Sunday, August 12, 2012
Columbia Hall, Terrace Level (Washington Hilton)
Iwona Gajda1, John Greenman2, Chris Melhuish1, Ioannis Ieropoulos3, Carlo Santoro4, Baikun Li4 and Pierangela Christiani5, (1)Bristol Robotics Laboratory, University of the West of England, Bristol, United Kingdom, (2)School of Life Sciences, University of the West of England, Bristol, United Kingdom, (3)School of Life Sciences, UWE, Bristol Robotics Laboratory, Block T, University of the West of England, Bristol, United Kingdom, (4)Civil and Env. Engineering, University of Connecticut, Storrs, CT, (5)Env. and Sustainable Dev. Dept., Ricerca sul Sistema Energetico SpA, Milan, Italy
MFCs through the catalytic activity of microorganisms, extract energy from the organic matter contained in wastewater to produce electricity, and consist of two half-cells; the anode and the cathode. Unless prohibitively expensive metals and catalysts are used, the cathode is currently the limiting factor in improving the performance and sustainability of MFCs. Both half-cells require high surface area electrodes, to facilitate different reactions; the anode in order to support a healthy biofilm growth, and an air-cathode to support the oxygen reduction reaction.

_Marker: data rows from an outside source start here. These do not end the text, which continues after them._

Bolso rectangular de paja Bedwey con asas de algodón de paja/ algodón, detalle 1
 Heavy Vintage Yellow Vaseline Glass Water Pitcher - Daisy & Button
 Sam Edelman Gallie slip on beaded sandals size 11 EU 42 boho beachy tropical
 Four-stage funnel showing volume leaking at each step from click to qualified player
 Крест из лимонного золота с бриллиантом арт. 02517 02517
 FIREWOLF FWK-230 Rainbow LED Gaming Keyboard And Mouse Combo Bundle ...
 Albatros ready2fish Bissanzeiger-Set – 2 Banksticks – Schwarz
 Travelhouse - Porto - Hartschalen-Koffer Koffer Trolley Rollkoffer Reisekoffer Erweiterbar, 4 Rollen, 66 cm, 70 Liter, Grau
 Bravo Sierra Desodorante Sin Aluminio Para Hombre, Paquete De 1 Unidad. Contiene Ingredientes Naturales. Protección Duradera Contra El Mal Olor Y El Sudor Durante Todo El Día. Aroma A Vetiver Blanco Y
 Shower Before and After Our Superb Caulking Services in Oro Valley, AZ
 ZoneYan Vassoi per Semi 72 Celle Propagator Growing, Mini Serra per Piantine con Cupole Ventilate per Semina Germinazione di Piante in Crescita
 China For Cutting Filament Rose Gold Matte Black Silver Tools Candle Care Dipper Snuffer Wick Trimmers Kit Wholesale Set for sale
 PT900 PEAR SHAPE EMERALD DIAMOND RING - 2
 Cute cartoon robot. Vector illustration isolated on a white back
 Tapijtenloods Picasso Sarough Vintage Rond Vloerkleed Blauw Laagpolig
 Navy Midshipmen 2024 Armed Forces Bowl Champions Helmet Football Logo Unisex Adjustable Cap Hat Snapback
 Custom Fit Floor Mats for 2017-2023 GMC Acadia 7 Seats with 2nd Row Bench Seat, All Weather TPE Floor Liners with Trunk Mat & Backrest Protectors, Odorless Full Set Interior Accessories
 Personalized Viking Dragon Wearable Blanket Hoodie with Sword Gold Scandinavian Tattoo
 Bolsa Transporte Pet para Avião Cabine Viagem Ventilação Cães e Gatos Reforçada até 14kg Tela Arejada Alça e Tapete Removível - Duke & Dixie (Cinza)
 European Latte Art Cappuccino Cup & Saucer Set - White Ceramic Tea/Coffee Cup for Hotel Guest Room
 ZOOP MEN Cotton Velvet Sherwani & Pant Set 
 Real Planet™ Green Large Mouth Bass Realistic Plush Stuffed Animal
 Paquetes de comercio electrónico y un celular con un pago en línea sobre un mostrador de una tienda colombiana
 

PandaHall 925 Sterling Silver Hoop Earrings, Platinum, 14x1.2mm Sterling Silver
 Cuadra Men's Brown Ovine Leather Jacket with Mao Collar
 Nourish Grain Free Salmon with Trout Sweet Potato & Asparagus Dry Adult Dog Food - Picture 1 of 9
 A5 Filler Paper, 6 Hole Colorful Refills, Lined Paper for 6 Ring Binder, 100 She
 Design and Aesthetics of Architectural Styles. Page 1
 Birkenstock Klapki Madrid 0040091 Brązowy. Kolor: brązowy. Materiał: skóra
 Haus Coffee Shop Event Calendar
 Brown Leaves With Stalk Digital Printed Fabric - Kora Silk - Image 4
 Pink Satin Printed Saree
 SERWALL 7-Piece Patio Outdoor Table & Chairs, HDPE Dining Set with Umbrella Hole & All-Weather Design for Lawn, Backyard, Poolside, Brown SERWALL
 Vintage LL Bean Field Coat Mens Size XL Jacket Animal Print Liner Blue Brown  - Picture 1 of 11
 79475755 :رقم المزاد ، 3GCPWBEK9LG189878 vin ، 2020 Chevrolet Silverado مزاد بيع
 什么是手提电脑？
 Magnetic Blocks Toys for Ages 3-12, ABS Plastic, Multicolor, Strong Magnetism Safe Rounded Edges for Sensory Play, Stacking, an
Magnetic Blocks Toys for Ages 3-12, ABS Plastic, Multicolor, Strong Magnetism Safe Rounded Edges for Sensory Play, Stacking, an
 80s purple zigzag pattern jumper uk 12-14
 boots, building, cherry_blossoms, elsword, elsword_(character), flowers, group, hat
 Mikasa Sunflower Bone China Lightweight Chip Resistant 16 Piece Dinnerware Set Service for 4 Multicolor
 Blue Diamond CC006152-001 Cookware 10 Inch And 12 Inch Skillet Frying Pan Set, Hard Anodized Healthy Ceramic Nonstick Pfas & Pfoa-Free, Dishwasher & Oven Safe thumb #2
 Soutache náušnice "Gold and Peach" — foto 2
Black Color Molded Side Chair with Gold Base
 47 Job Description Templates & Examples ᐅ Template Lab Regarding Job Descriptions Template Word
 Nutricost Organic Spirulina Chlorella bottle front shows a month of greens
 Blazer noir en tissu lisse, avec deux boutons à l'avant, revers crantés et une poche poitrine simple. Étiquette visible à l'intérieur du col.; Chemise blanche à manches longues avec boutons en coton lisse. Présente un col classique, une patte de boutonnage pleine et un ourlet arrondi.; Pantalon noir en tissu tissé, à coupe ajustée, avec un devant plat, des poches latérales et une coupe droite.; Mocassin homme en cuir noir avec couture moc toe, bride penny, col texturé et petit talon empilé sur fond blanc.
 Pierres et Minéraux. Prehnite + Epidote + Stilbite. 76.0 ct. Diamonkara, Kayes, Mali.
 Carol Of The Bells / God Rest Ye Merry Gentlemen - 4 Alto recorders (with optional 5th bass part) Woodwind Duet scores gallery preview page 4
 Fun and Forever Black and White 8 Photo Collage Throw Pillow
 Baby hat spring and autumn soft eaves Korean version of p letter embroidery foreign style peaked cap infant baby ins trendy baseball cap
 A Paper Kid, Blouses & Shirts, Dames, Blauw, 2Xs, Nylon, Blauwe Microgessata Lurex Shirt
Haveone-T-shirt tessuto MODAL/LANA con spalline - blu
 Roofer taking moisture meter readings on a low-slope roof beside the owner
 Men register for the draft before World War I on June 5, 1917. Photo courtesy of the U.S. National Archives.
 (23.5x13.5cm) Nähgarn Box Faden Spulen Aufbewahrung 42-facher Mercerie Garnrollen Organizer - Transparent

The aim of this study is the comparison between two high surface area and catalyst free cathode electrodes: carbon fibre veil and carbon cloth coated with carbon powder Micro Porous Layer (MPL) in dual-chamber MFCs of 25mL volume each. Folded 270cm2 carbon veil (CV) is compared to a single 10cm2 MPL (sMPL) and a folded 150cm2 MPL (fMPL), as well as against the MPL as working as a Membrane-Electrode-Assembly (mMPL). Preliminary results show that under an initial fixed load (8200Ohm), fMPL produced 27μW, which is 3-fold higher compared with the control (CV 9μW). Following polarisation experiments and subsequent connection of the resultant maximum-power-transfer resistance values, sMPL generated 67μW, thus outperforming the fMPL (60μW) and CV (27μW).

MPL is outperforming the carbon veil material, used as cathode electrodes in our set up. This may be due to its micro-porous structure, which results in a higher surface area as well as higher carbon loading, which results in higher conductivity, thereby making it an attractive alternative for use in MFCs.